February 22, 2023 marks the five-year anniversary of the start of the historic nine-day teachers’ strike in West Virginia. The strike took place across 55 counties and involved 20,000 classroom teachers and thousands of other employees who shut down schools, swarmed the state capital building, and at times even took over parts of it. The strike was unique in that it included workers across unions and job sectors. That is to say, teachers and other school personnel stood together on the picket line.
Today in the United States, in inflation-adjusted terms, teacher salaries have declined by almost 4 percent over the past decade, and by more than 11 percent since the 2009 recession. Teachers in West Virginia are still among the lowest paid in the country. In 2018, West Virginia teachers had not had across-the-board raises for years. Teachers were working without a labor contract. It was not just declining salaries and no contract; West Virginia teachers were enraged over rising costs to their health insurance plans. School districts were trying to make employees wear Fitbits, and if teachers did not reach a certain number of steps per day, the premiums on their health insurance would go up. On top of this, there have been decades of bipartisan corporate reform which has led to student testing tied to teacher evaluations, the expansion of privatized charter schools, and the erosion of the professional status of teachers. All of this is still happening today.

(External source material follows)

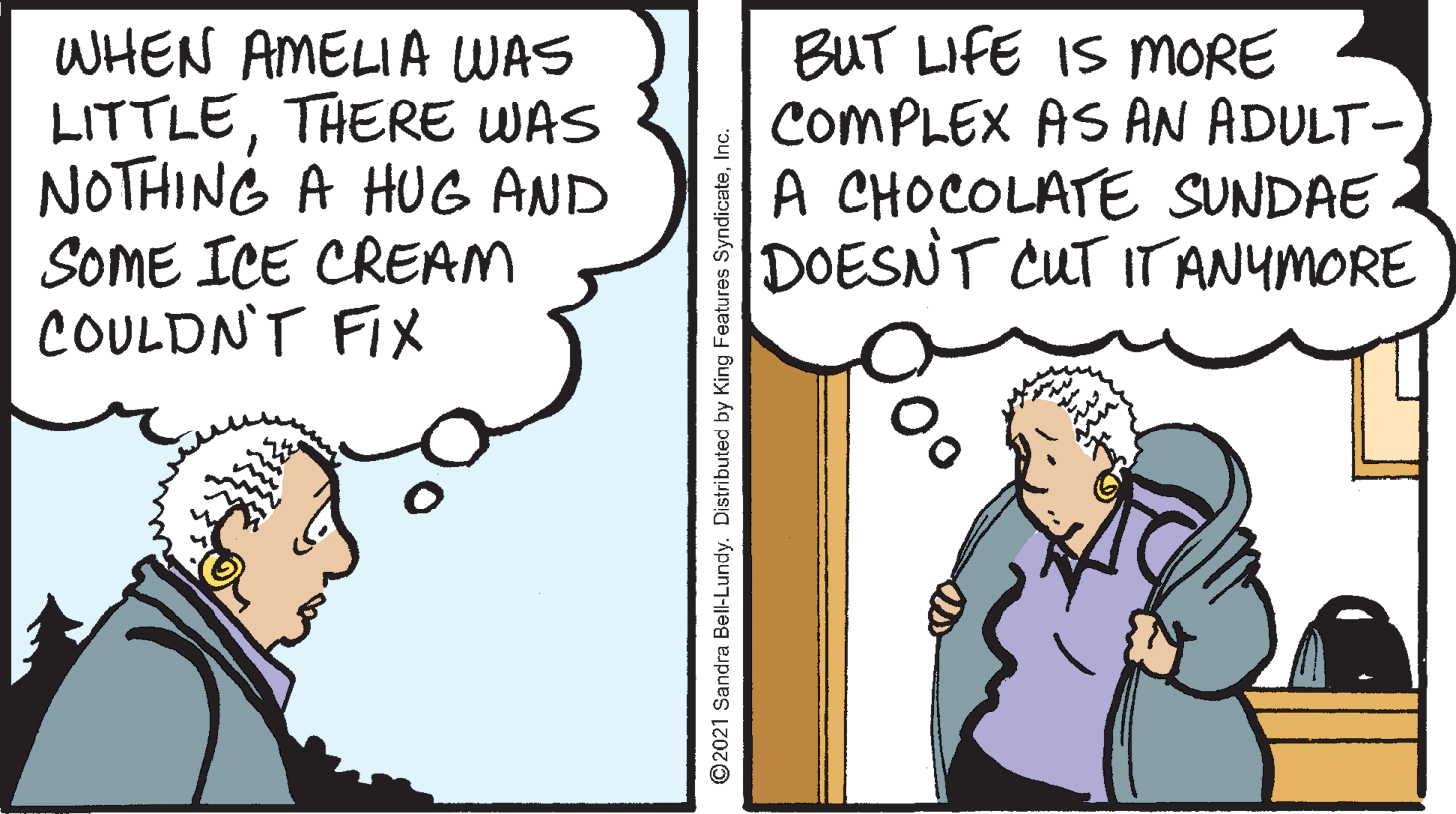 Font OCR: WHEN AMELIA WAS LITTLETHERE WAS NOTHING A HUG AND SOME ICE CREAM COULDN'T FIX BUT LIFE IS MmORE COMPLEX AS AN ADULT- A CHOCOLATE SUNDAE DOESNT CUT ITANYMORE ©2021 Sandra Bell-Lundy. Distributed by King Features SyndicateInc. WHEN AMELIA WAS LITTLETHERE WAS NOTHING A HUG AND SOME ICE CREAM COULDN'T FIX BUT LIFE IS MmORE COMPLEX AS AN ADULT- A CHOCOLATE SUNDAE DOESNT CUT ITANYMORE ©2021 Sandra Bell-Lundy. Distributed by King Features Syndicate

The result of the 2018 strike was a 5 percent raise for all public employees in the state, not just teachers. This was won because the teachers disregarded union leaders’ advice to return to work when the governor first promised only them the raise. They met in malls and union halls, used Facebook as an organizing tool, and made decisions among themselves, apart from their union officials. The strikers in West Virginia and Arizona turned down raises that excluded support staff and other public workers. They put aside union labels, and professional status, to stand in solidarity with fellow colleagues, and remain on the picket line until their raise was enacted in law.
Another victory of the West Virginia strike was how it inspired teachers to mobilize and build rank-and-file militancy throughout the state, but also across the nation and even in countries around the world. For decades in the United States, in both red and blue districts, budget and tax policy have been used to break down social services, attack public industries, undermine unions, and transfer wealth upward, all while making the lives of working people harder. Austerity and privatization have been driving federal and state economic policy for decades. Public schools in particular have experienced deep budget cuts, as state funds have been funneled to charter schools, and salaries and school budgets have not kept up with inflation.
The West Virginia strike of 2018 was a part of a wave of strikes in red states, including Arizona and Oklahoma. The strikes were powerful examples of rank-and-file led uprisings in so-called “right-to-work” states, which have seen the steepest cuts in school funding and sharpest erosion of teacher pay and benefits. In West Virginia, an area historically led by strong mining unions, worker power had been greatly diminished. These strikes marked a resurgence in worker militancy against the cuts that have been driving federal and state economic policy for decades.
The West Virginia teacher strikes raised hopes that a long awaited revival of organized labor may have finally arrived. Following the Janus decision of 2018, a decline in union membership had been predicted, but instead, from 2018-2019 the American Federation of Teachers grew by 100,000 members. Another important result was that public perception of the crisis facing education has shifted. For years, the media and both Democrats and Republicans alike had used educators as scapegoats and promoted billionaire-backed education reform. Following the West Virginia strike, an Associated Press NORC poll found that 78 percent of the U.S. population found teacher pay too low. The United States has the largest economy in the world. There is money to be had, but it must be allocated differently. As the Chicago Teachers’ Union Vice President, Stacey Davis, said, “there is money, and it will come from the rich.”
Since the 2018 strikes, there have been other powerful teacher strikes, in both red and blue states on the national and international stage. The Los Angeles and Chicago strikes were offensive actions to reverse the education policies imposed by corporate Democrats over the past two decades. Each highlighted “common-good demands” on behalf of students, as well as the broader community. These mobilizations are examples of teachers striking not just for better salaries, but also for their communities – stopping school closures, ensuring reasonable class sizes, and mandating adequate support staff for students. These demands are examples of what happens when workers and families unite for a better school, community and world.
The COVID pandemic has devastated the workforce in many job sectors, particularly nursing and education. After decades of cuts to pay, resources and staffing, workers have had enough and are seeking other opportunities. Before the pandemic, it appeared that teacher power was growing – union membership was increasing, strikes multiplying and rank-and-file organizing gaining strength. In the last few years, workers in other sectors (Starbucks, Amazon, etc.) have fought to unionize and win fair contracts. In this larger context of renewed worker militancy, what will the coming year have in store for teachers, school staff and the fight for public education?